*** Data excerpt ***
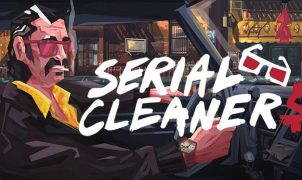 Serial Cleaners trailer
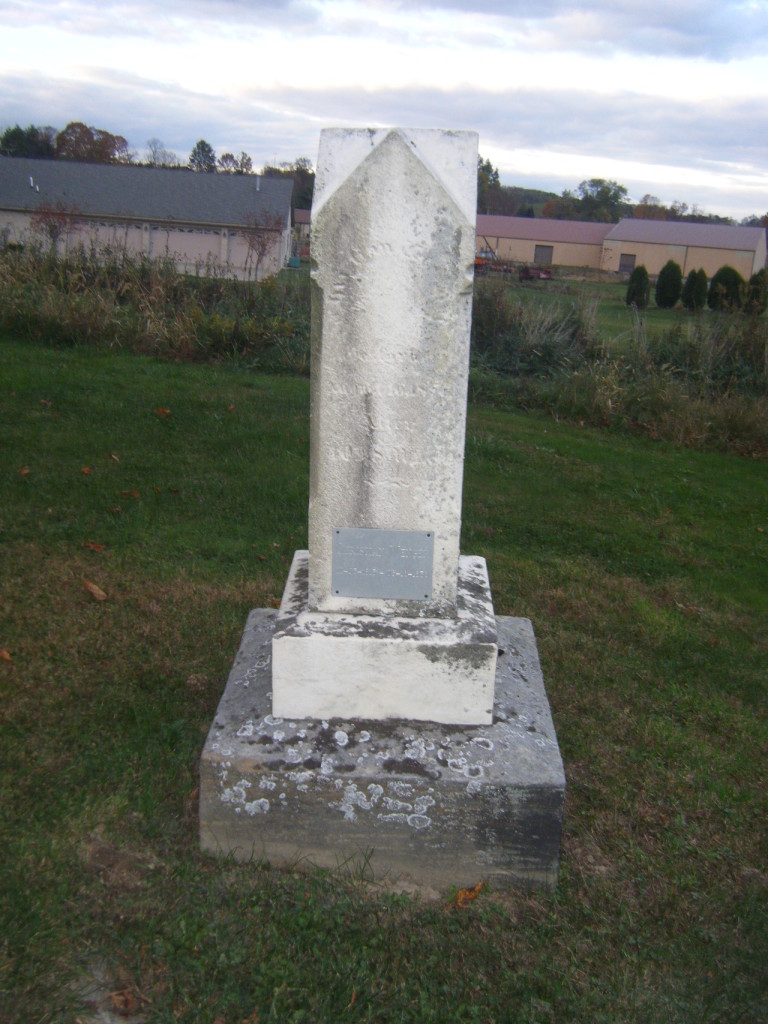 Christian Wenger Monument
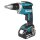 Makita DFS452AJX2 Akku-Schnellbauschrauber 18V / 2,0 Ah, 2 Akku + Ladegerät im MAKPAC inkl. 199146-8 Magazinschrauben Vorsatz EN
*** End of Data excerpt ***
→ Problem statement
The response should be the full material, repeated exactly, with images removed.

→ Reply
 Serial Cleaners trailer
 Christian Wenger Monument
 Makita DFS452AJX2 Akku-Schnellbauschrauber 18V / 2,0 Ah, 2 Akku + Ladegerät im MAKPAC inkl. 199146-8 Magazinschrauben Vorsatz EN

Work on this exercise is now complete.